Posted on 07/11/2005 1:19:41 AM PDT by Cincinatus' Wife

The University of Texas M.D. Anderson Cancer Center, the epitome of the conventional cancer establishment, is reporting promising test results on an unconventional weapon: a common spice used in Indian cooking.

In a host of studies, M.D. Anderson researchers are showing that curcumin, the pungent yellow spice in both turmeric and curry powders, has potent anti-cancer properties. They say it may prove effective for both prevention and treatment.

"Curcumin's promise is enormous," said Bharat B. Aggarwal, a professor of cancer medicine in M.D. Anderson's department of experimental therapeutics.

"It appears to inhibit multiple pathways by which cancer grows, and we know it's nontoxic."

Aggarwal added that "in a day when Vioxx and Bextra are off the table, curcumin may be one of the best new hopes on the table" — a reference to popular painkillers (Cox-2 inhibitors) taken off the market after reports they increased the risk of heart disease. Cox-2 inhibitors were considered potential cancer prevention agents because they'd been shown to inhibit tumor growth.

The latest study on curcumin is available today on the journal Cancer's Web site.

In it, M.D. Anderson researchers demonstrate in the laboratory how curcumin stops melanoma cells from proliferating along two key pathways and induces them to essentially commit suicide. The cells were taken from patients.

A month ago, the same researchers reported that in mice, curcumin helped stop the spread of breast cancer to the lungs. It outperformed the cancer drug Taxol in the study, though the best results came with a combination of curcumin and Taxol.

Putting it to the test The results of those studies have led to ongoing Phase I human trials at M.D. Anderson testing curcumin's ability to stop the growth of pancreatic cancer and multiple myeloma.

Still to come are a human trial for breast cancer and an animal trial for melanoma.

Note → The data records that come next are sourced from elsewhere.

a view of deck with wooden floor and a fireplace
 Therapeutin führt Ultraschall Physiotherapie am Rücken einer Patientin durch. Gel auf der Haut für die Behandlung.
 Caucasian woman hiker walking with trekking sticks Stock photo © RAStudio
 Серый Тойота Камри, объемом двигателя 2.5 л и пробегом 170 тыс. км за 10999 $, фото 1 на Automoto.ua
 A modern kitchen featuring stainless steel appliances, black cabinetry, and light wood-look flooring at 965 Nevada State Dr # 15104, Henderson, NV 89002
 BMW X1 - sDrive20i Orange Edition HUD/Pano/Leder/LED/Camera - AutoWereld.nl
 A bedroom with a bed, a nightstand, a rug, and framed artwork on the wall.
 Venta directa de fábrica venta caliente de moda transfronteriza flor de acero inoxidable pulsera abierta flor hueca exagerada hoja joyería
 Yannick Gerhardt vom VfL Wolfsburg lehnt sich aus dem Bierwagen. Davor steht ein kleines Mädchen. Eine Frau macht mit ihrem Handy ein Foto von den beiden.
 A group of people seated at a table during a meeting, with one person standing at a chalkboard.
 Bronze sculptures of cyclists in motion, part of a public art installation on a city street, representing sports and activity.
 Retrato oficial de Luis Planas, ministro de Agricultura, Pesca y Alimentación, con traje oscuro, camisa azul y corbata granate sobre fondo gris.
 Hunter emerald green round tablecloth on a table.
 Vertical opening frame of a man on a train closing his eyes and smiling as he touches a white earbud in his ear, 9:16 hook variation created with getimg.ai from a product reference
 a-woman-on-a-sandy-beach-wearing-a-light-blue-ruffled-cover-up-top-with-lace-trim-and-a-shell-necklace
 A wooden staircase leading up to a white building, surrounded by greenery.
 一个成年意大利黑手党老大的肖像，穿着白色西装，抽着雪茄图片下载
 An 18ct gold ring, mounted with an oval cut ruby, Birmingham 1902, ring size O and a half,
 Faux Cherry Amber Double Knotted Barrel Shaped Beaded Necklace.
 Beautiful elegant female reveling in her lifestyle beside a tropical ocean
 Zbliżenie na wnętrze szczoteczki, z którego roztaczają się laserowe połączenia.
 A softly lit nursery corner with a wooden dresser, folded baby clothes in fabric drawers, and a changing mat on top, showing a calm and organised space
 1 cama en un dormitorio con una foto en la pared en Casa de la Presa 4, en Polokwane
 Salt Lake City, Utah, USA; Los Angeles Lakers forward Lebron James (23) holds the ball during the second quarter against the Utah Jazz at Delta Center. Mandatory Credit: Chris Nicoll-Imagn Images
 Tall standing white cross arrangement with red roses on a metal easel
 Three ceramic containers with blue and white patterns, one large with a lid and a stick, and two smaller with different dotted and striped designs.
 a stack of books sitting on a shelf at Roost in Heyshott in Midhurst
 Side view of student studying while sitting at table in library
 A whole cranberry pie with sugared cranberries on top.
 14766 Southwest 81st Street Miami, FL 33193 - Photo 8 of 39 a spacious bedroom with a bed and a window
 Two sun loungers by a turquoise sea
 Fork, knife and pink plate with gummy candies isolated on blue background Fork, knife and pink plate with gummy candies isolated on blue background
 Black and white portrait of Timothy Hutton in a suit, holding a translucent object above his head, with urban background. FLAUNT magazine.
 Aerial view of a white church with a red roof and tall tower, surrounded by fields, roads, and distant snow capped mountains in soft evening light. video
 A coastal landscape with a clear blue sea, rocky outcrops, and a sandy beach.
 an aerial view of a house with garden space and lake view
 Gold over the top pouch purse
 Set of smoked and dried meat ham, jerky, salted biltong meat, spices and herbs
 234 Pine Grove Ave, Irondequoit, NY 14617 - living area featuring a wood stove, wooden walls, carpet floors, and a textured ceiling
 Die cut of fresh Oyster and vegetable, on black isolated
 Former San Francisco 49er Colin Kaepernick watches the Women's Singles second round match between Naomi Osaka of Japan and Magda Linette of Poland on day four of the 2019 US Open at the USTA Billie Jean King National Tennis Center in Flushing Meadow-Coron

Elsewhere, researchers are studying curcumin with lung, colon, head and neck, oral and prostate cancers.

Aggarwal said the thing distinguishing curcumin from other natural products touted for their medicinal properties is the science behind it.

Herbs such as garlic, saw palmetto and gingko may receive more ink, but there have been about 2,000 studies on curcumin, says Aggarwal, easily more than any other natural product.

It is rich in antioxidant, anti-inflammatory and anticarcinogenic properties.

Most intriguing, the rate of colon, breast, prostate and lung cancer is 10 times lower in India than in the United States.

Financial obstacles In the melanoma study, the M.D. Anderson team found curcumin shut down nuclear factor-kappa B (NF-kB), a powerful protein known to promote an abnormal inflammatory response that leads to a variety of disorders, including arthritis and cancer; the protein known as IKK that switches NF-kB "on;" and STAT3, another pathway involved in the spread of tumors.

Aggarwal noted that the greatest obstacle to further study of curcumin is financial. No pharmaceutical company is likely to develop a natural product that can't be patented so the only sources of funding are government agencies.

Curcumin is available in capsule form at health food stores, though the purity of some brands may be in question because herbs aren't regulated. Aggarwal's team worked with a 96 percent pure product.

"Curcumin's efficacy for treating cancer is still to be proven," Aggarwal said. "But I would recommend it for prevention right now, based on animal studies. People have been eating it for thousands of years so we know it's safe."

• Ground from the root of the Curcuma longa plant, curcumin is a member of the ginger family.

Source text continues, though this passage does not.